Esok harinya, saya mengajak dirinya kembali bertemu dengan komunitas etnomusik. Ia menolak. “Saya tidak kenal,” katanya. Saya katakan, tinggal kenalan apa sulitnya. Lagi-lagi, ia berkata, “Saya seorang Introvert.”
Setelah percakapan itu, tiba-tiba melintas sekilas bayangan, bagaimana jika imajinasi politik manusia dibangun di atas imajinasi orang, anggaplah, orang yang memiliki kepribadian seorang Introvert? Dalam telusuran saya di google disebutkan bahwa seorang Introvert cenderung pendiam dan memiliki amatan jeli. Saya terdecak, seolah ingin mengatakan, keren, bagaimana seandainya sampah bahasa, umpatan, dan berita bohong hari ini masuk dalam dunia sunyi?
Musykil. Tentu dunia tidak seindah yang dibayangkan. Dunia yang penuh bunga tidak ada. Dunia ala kadarnya, sudah berlaku sejak dulu seperti itu: penuh bencana. Apa yang mampu kita pelajari, adalah membaca pola.
Seorang Introvert, sebagai manusia, tak mampu hidup sendiri telungkup di depan kamar, kecuali ia memang ingin membusuk. Introvert, dalam kacamata sosial, adalah bentuk ekspresi dari seseorang yang sukar beradaptasi terhadap ruang sosial dalam lingkup luas. Dengan demikian, suaranya redam dan harus melalui ragam penyulingan. Apa yang mampu kita pelajari dari seorang seperti ini?
Dalam ruang publik, seseorang yang tidak merasa dirinya introvert harus peka melihat ruang. Ruang yang dimaksud adalah komunikasi yang setara. Dasar-dasar kaitan antara psikologi dan politik terletak pada aspek berbagi ruang yang paling dasar dari kebutuhan manusia yaitu ruang aktualisasi diri. Ruang aktualisasi berujung pada pembagian seperti partisipasi politik untuk membangun kepercayaan satu sama lain. Semua itu dibutuhkan untuk merenceanakan hidup bersama dalam satu harapan yang sama.
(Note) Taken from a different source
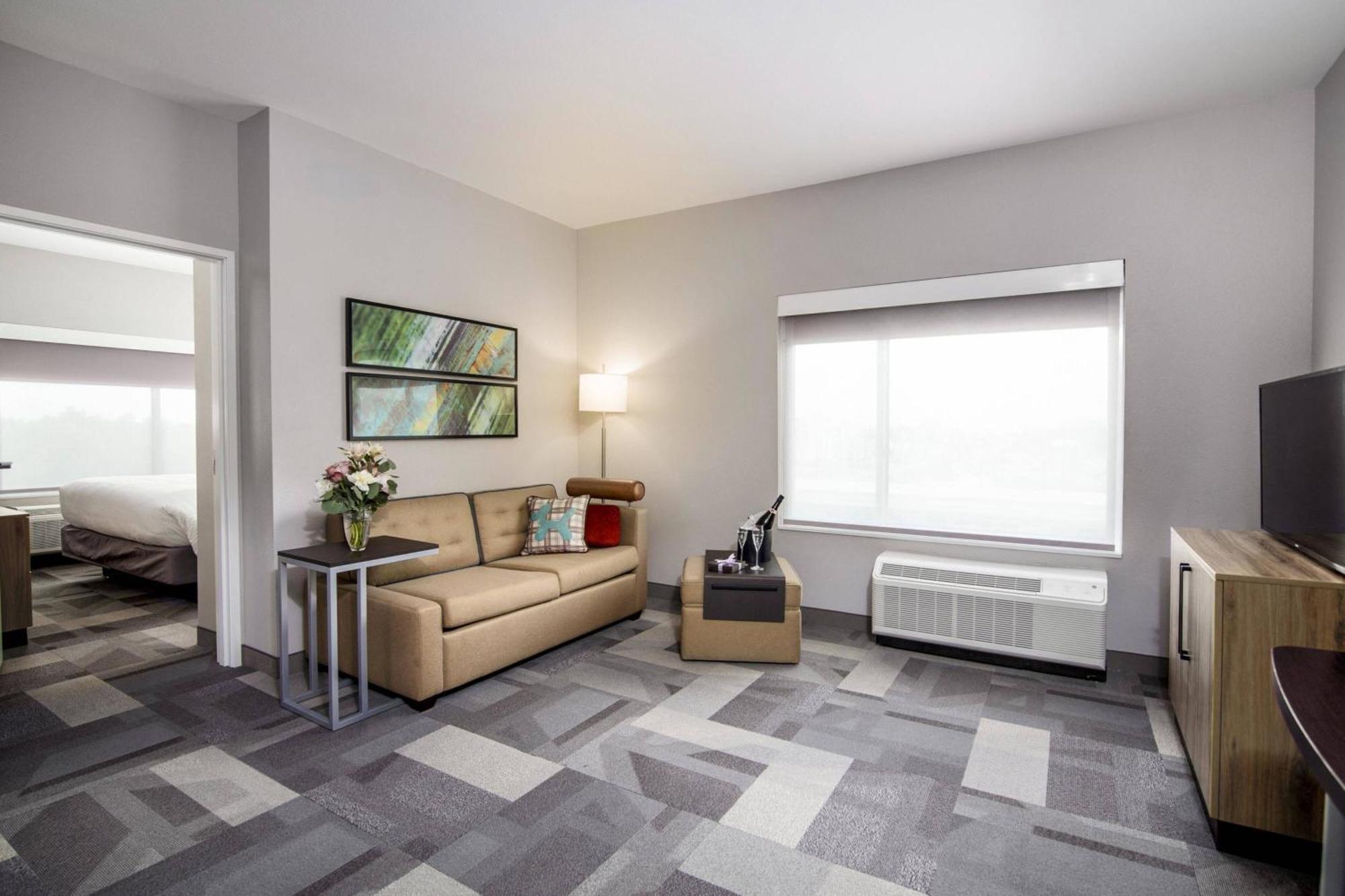 Towneplace Suites By Marriott Houston Hobby Airport Экстерьер фото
Dengan cara ini, ruang politik partisipasi aktif yang dibagi, mampu melihat keseluruhan utuh suara dari seorang Introvert. Jumlah massa aksi pada tahun 1998, berdasarkan catatan Gustia Budhiartie lebih dari 9000 massa. Itu belum mencapai 10 persen dari keseluruhan masyarakat Indonesia. Jika jumlah itu mencapai taksiran lebih dari 80 persen masyarakat Indonesia, katakanlah misalnya sejumlah 20.000 massa, pertanyaaannya berapa banyak dari mereka yang introvert? Mungkinkah mereka yang tidak mengikuti aksi, adalah seorang Introvert?
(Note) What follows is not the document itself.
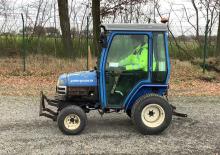 Tractoare municipale Iseki 2115 A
Melihat seorang Introvert menjadi sukarelawan politik, atau masuk ke dalam aktivitas gerakan sosial, perlu ditelisik. Apa yang menyebabkan mereka kemudian masuk ke dalam suara massa. Dengan memahami ini, barangkali nantinya kita bisa memahami sedikit tidak faktor yang dapat digunakan untuk mendalami gerakan sosial, konsolidasi, dan berikut cara-cara lain dalam melihat suara diam yang masuk ke ruang publik.